Exactly the lines below, starting with the one containing "Santiago Gómez, un" and going on through the one containing "Бра ST Luce Amio SL1014.401.01 изображение", must be reproduced, both ends included, and no pictures with them.

──────── Provided data ────────

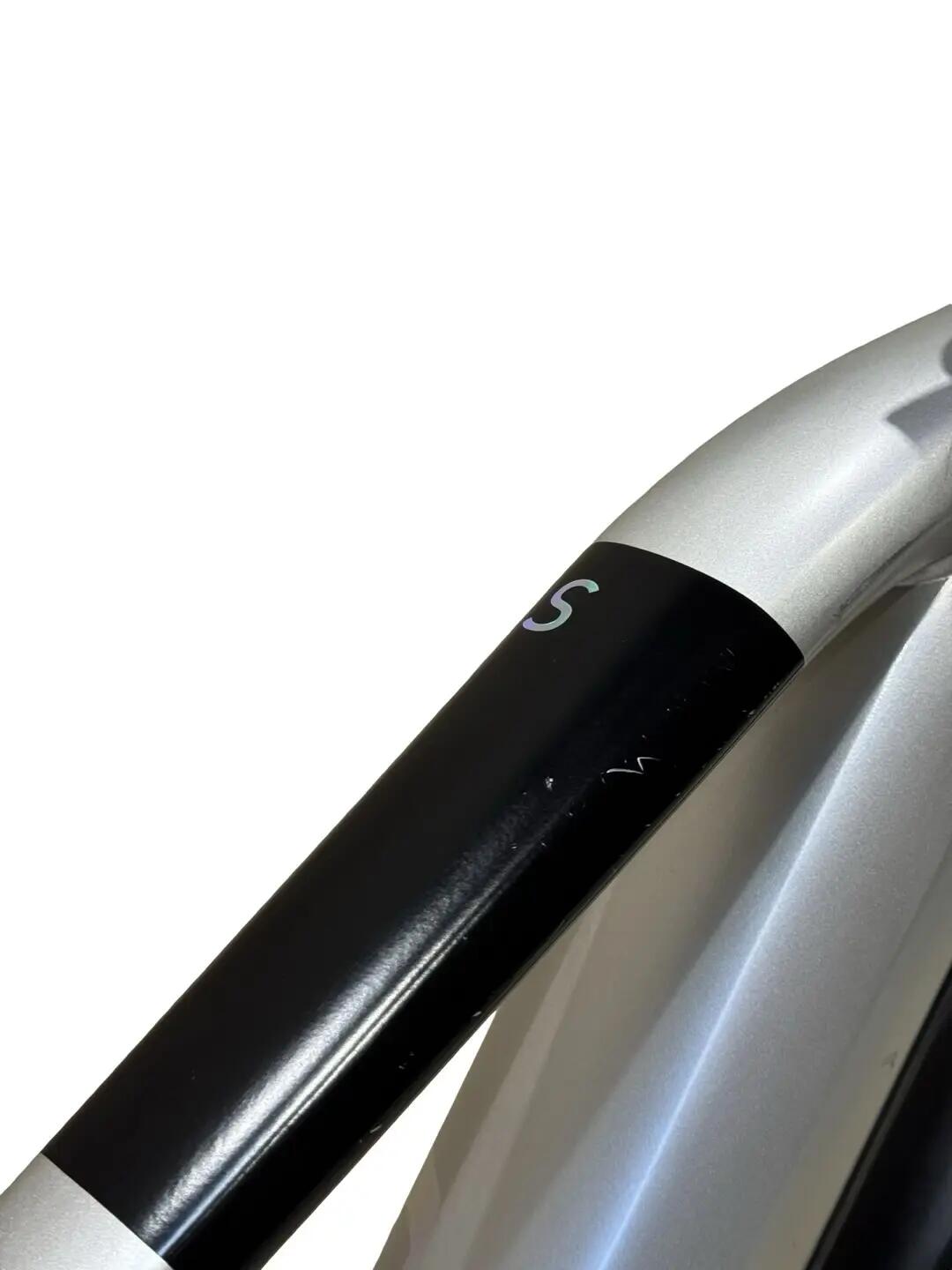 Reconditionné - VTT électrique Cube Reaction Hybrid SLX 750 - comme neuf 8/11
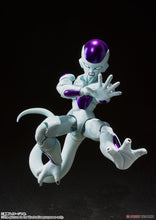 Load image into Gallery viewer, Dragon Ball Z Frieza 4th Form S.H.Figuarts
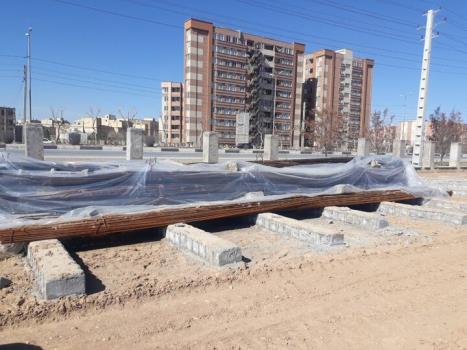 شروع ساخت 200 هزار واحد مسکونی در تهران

────────
──────── Provided data ────────

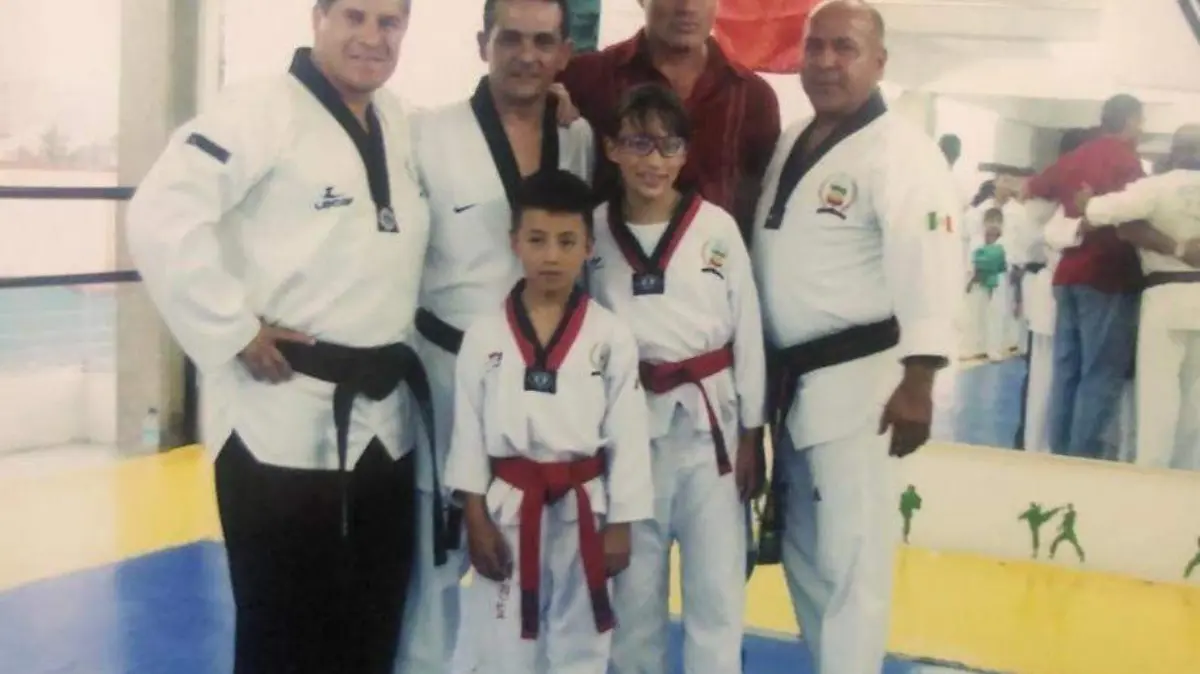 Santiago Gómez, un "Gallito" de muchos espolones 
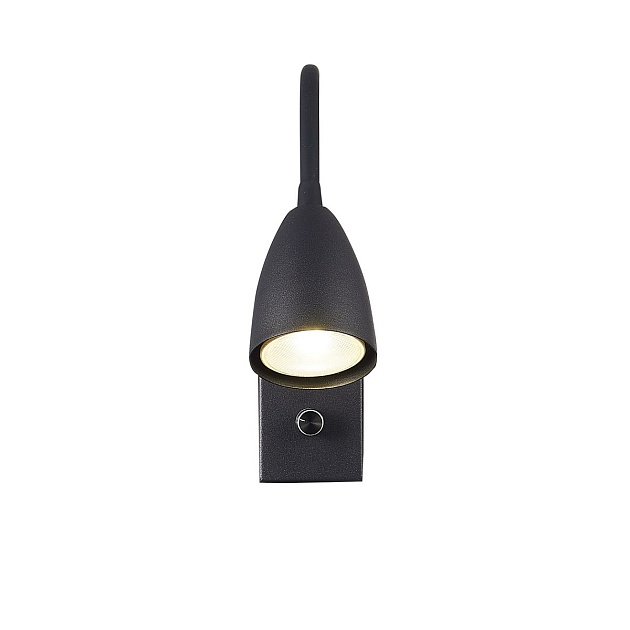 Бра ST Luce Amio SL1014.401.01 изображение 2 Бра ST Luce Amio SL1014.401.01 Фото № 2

────────

• _Final answer_:
 Santiago Gómez, un "Gallito" de muchos espolones 
 Бра ST Luce Amio SL1014.401.01 изображение 2 Бра ST Luce Amio SL1014.401.01 Фото № 2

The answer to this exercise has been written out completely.